On 25 November 2010, the Observatorio Nacional del Feminicidio (Mexico’s National Femicide Observatory, a non-governmental organization) highlighted the fact that five Mexican states –including Tamaulipas, San Luis Potosí and Oaxaca– had not made public the number of female murders committed in their territory during 2010. This caused a minor scandal in this north-eastern state, where the ruling party’s government (Partido de la Revolución Institucional or PRI) tightly controls the press and is highly averse to allowing stories prejudicial to the image of the governor, Eugenio Hernández Flores . Highlighting this lapse, a local web-based newspaper, Hoylaredo.net, concluded that the government wanted to hide the figures, and it also noted that in the week in which the International Day for the Elimination of Violence Against Women was commemorated, the state’s Women’s Institute (Instituto de la Mujer Tamaulipeca) had not organised anything to mark the occasion, while “in other states […] fora, workshops and training on women’s rights” abounded. The President of a local charity, Viva Mujer (Long Live Women), Nayma Balquiarena Pérez, made the same accusation, signalling out the Procuraduría General de Justicia de Tamaulipas (the state’s prosecutor’s office or PGJT) y el Instituto de la Mujer Tamaulipeca for her criticism.
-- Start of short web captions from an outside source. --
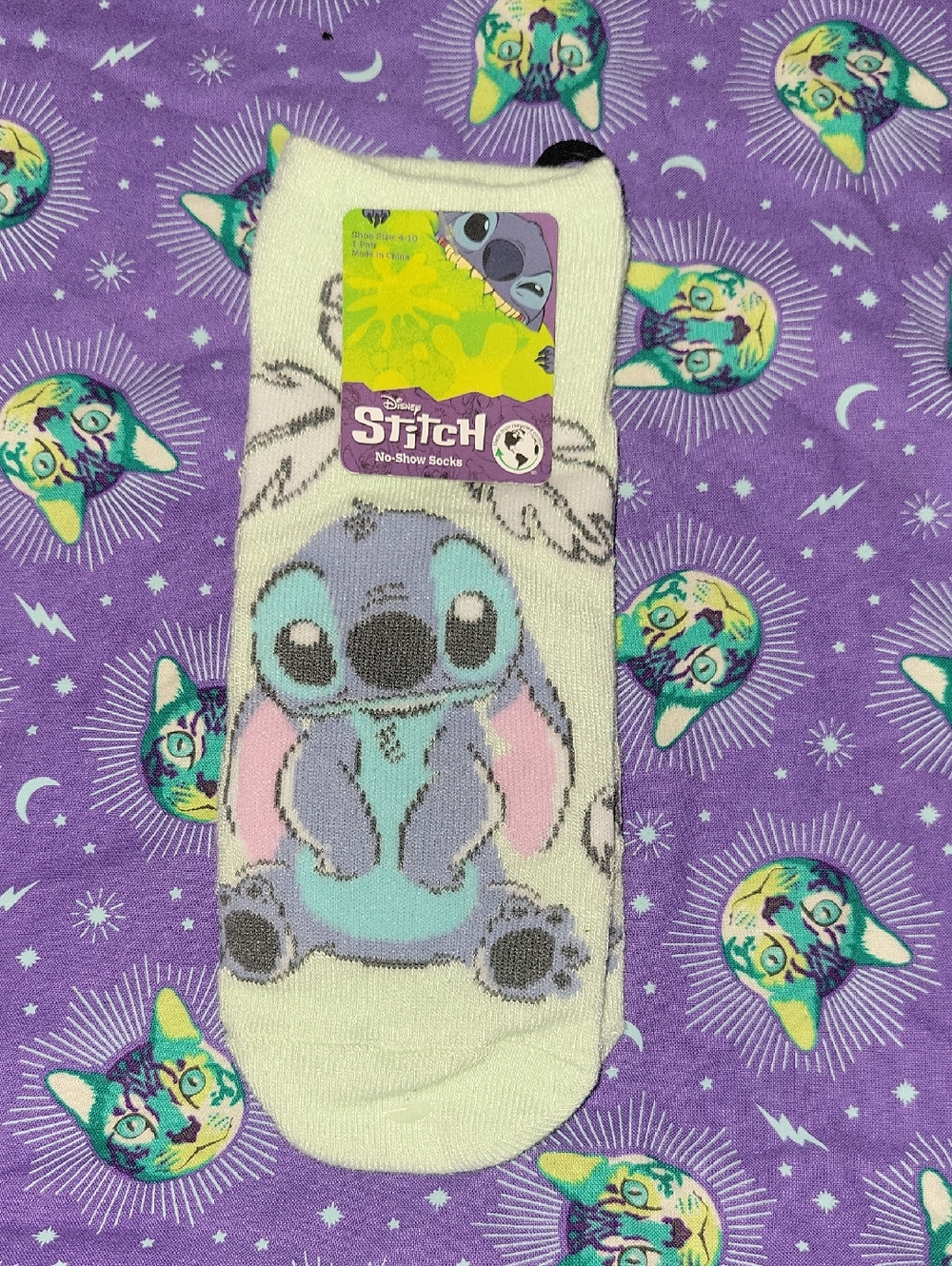 Disney No-Show Socks in Cream, Light Blue and Pink with Stitch Graphic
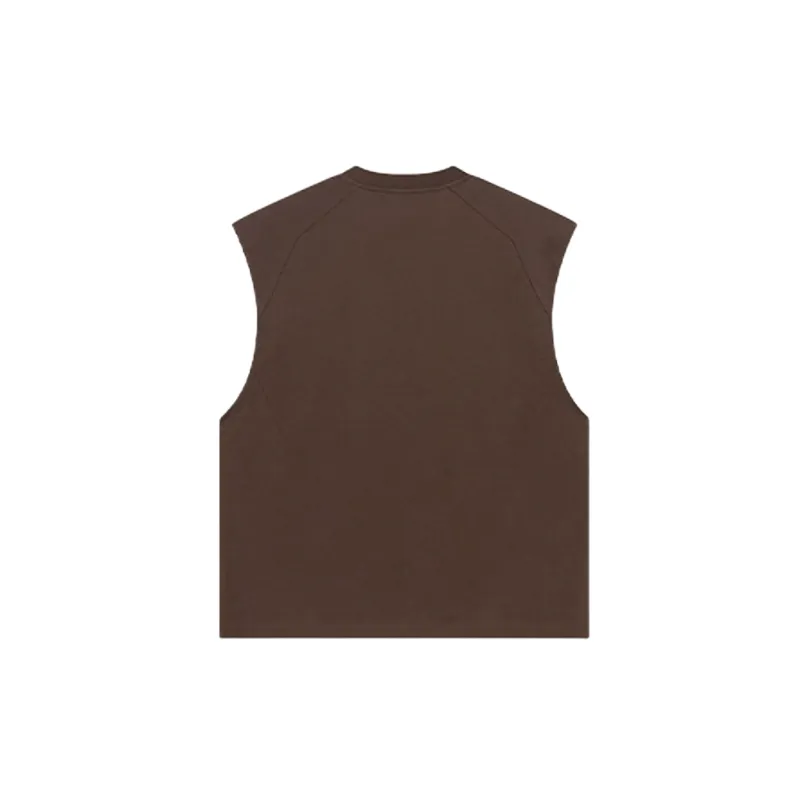 Plain Loose 100% Cotton Vest-5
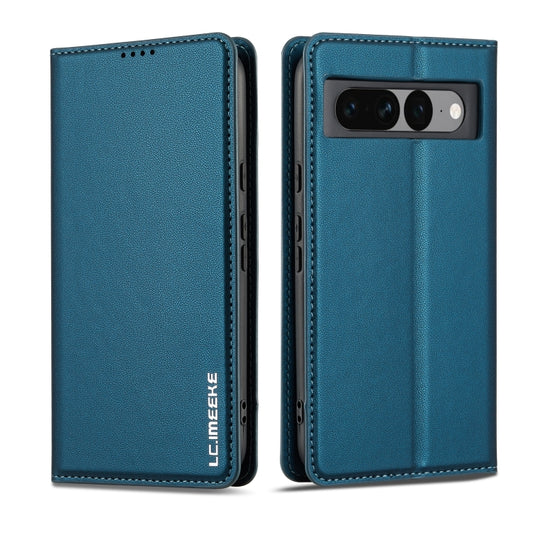 For Google Pixel 7 Pro 5G LC.IMEEKE L1 Series Frosted Fine Texture PU Phone Case(Blue) - Google Cases by LC.IMEEKE | Online Shopping UK | buy2fix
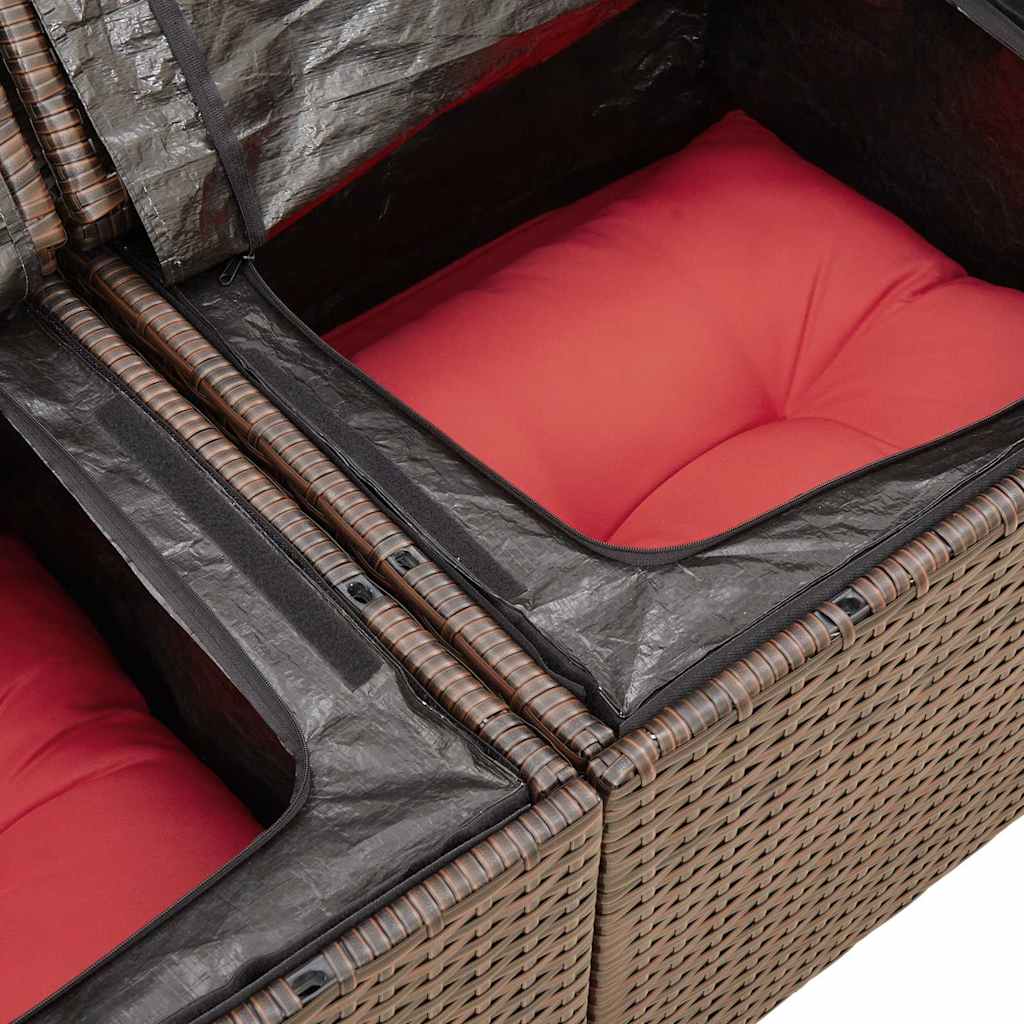 Sofasæt til Haven 7 Dele med Hynder Polyrattan Akacietræ Brun - billede 9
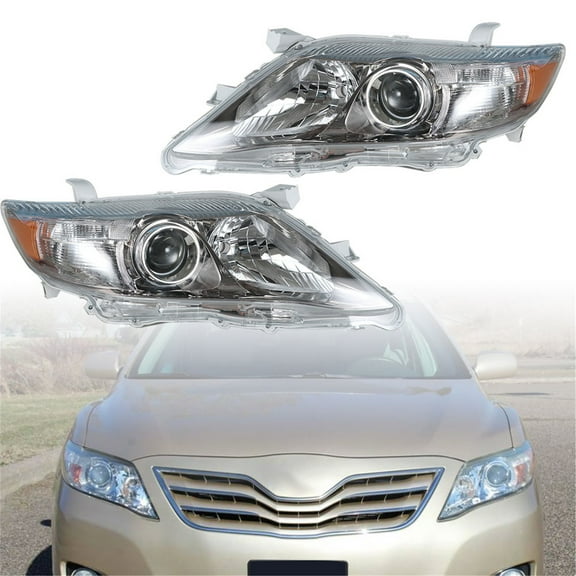 LABLT Chrome Black Frame Left & Right Front Projector Headlights Lights Lamps Driver & Passenger Side for 2010-11 Toyota Camry 4-Door Sedan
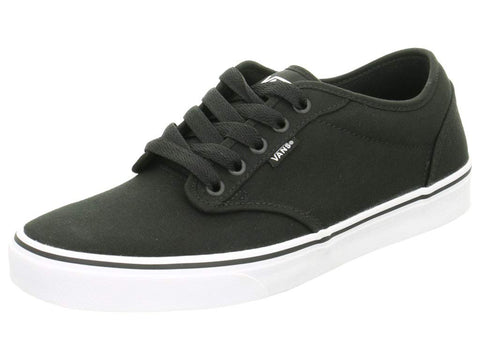 Vans Men's Atwood Sneaker, Black White Canvas, 6.5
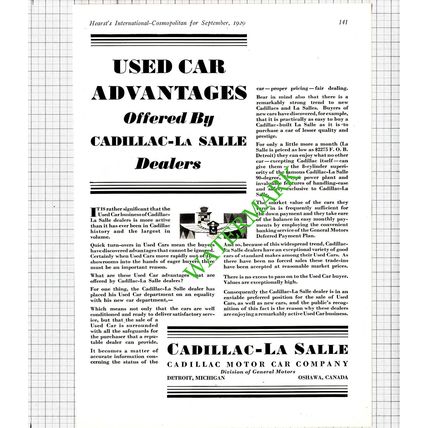 Cadillac-La Salle Cadillac Motor Company Detroit USA Advert - 1929 Cutting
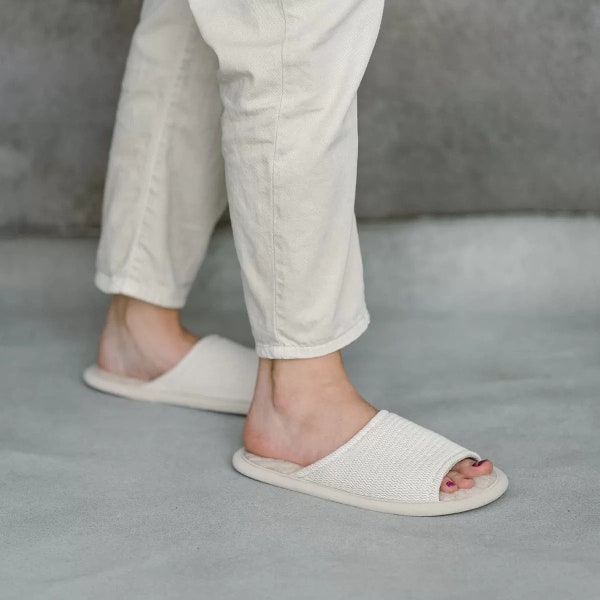 Merino wool house slippers with linen top, beige color house shoes for women and men, open front house slippers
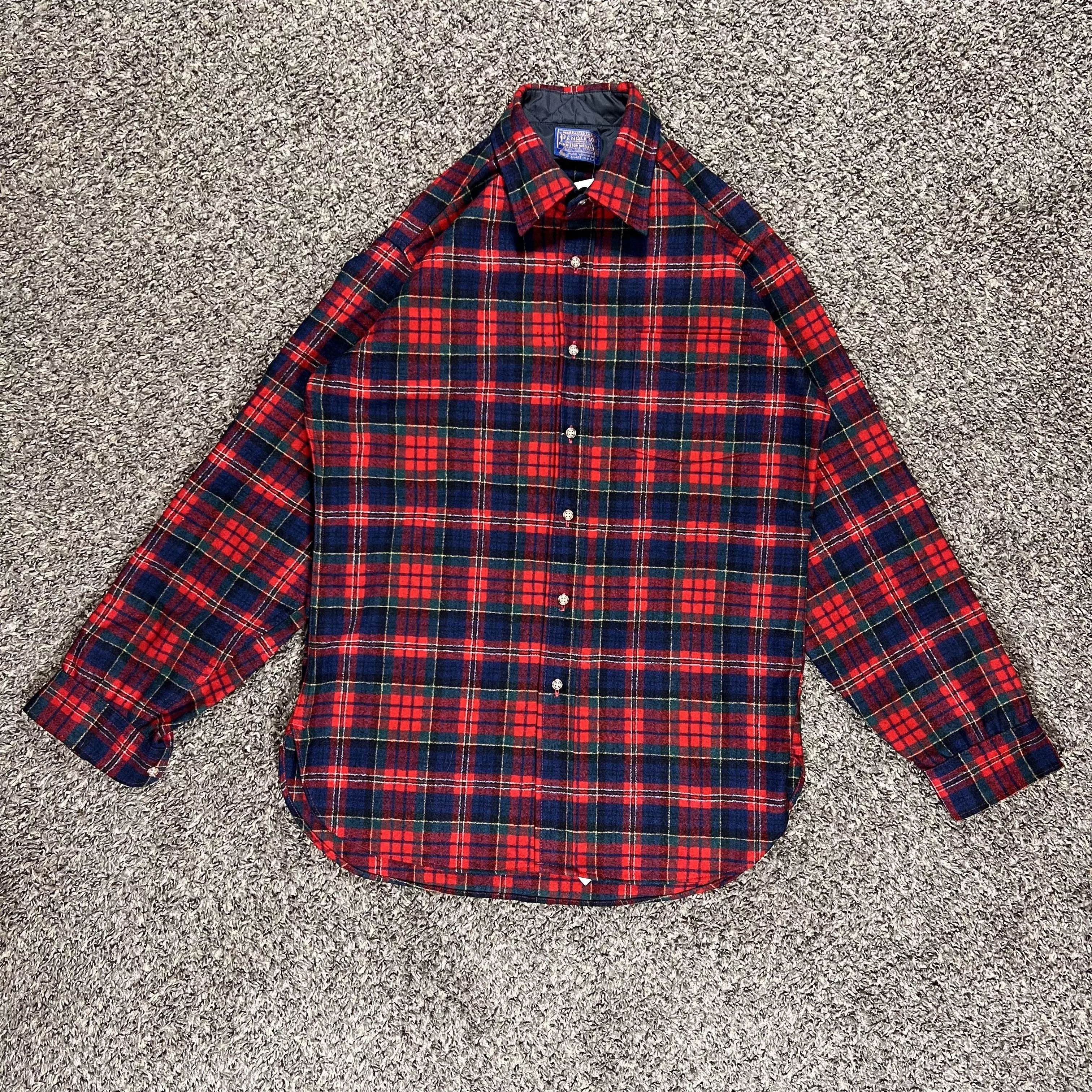 Pendleton Shirts Button Ups Pendleton × Vintage 1960's Vintage Pendleton Red Green Navy Wool Flannel Shirt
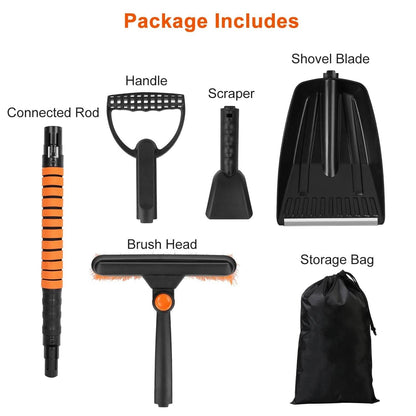 5-in-1 Detachable 180° Adjustable Ice Scraper Snow Shovel DailySale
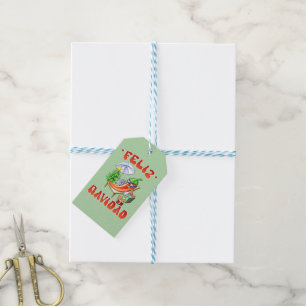 Étiquettes-cadeau Funny Feliz Navidad Cute Christmas Chili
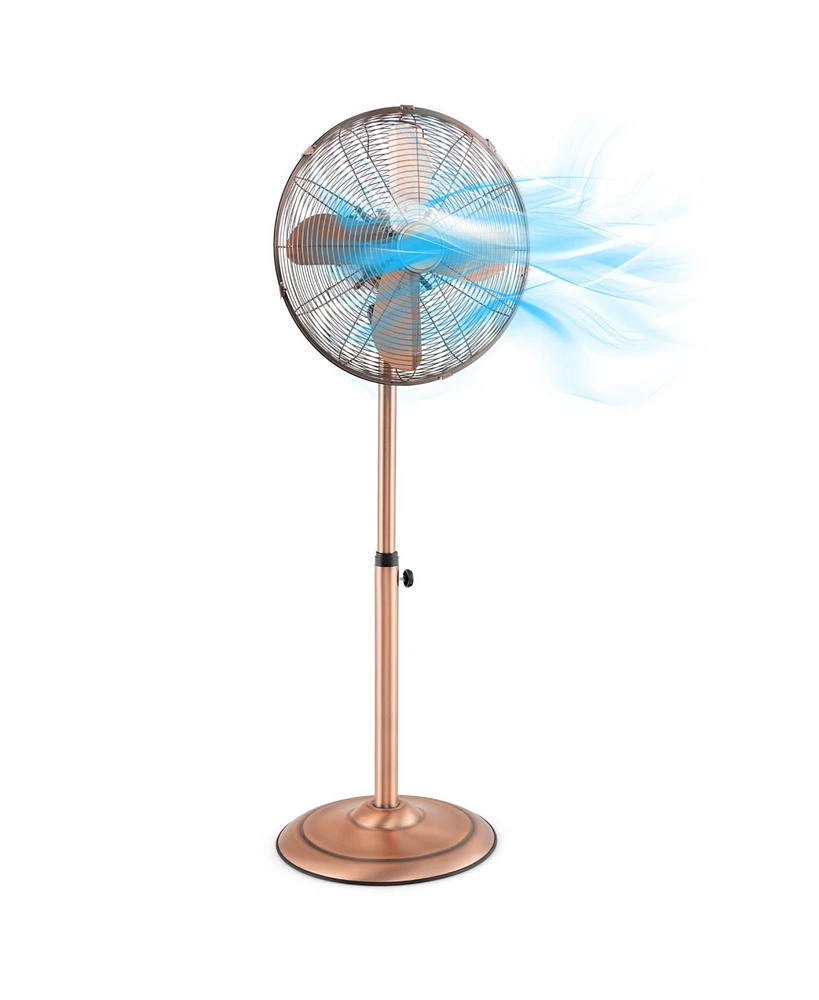 Slickblue 16 Inch Pedestal Standing Fan Oscillating Pedestal Fan with 3 Speeds and Adjustable Height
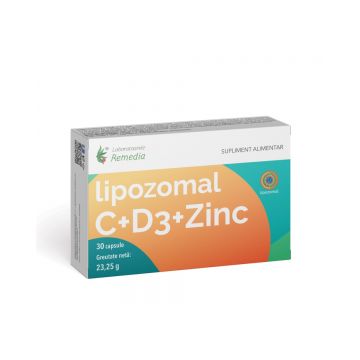 Vitamina C + D3 + Zinc Lipozomal, 30 capsule, Laboratoarele Remedia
The charge was hotly denied by the Institute’s President, Yolira Joch González, who pointed out that her office, following figures from the PGJT, had recorded 2, 000 crimes of violence against women in 2010
Probably as a result of this furore, last week, the PGJT and the Women’s Institute published their account of the femicides committed in Tamaulipas during 2010. According to these bodies, the figure is 27. The publication of this information has not quietened their opponents, however, mostly because such a small number does not seem credible. Especially since in June 2010, a report by the Centro de Estudios Fronterizos y de Promoción a los Derechos Humanos A.C., (Centre for Border Studies and the Promotion of Human Rights or Cefprodhac) demonstrated that there had already been 17 femicides in Tamaulipas in the first six months of the year. Questioned about the figure, the head of the municipal Women’s Institute in Reynosa, denied that the figure had been manipulated, arguing that the government had no reason to lie about this matter.
The problem is, of course, that even if the government were telling the truth, the culture of silence and the obsessive manipulation of the press by the PRI in Tamaulipas automatically make any institutional pronouncement on any issue questionable. On the subject of femicide, as in the question of the current drug violence, the government has every reason to lie, since its principal effort is to convince the population that “en Tamaulipas no pasa nada” (“Nothing ever happens in Tamaulipas”), despite the overwhelming evidence to the contrary that this same population sees in front of its nose every single day.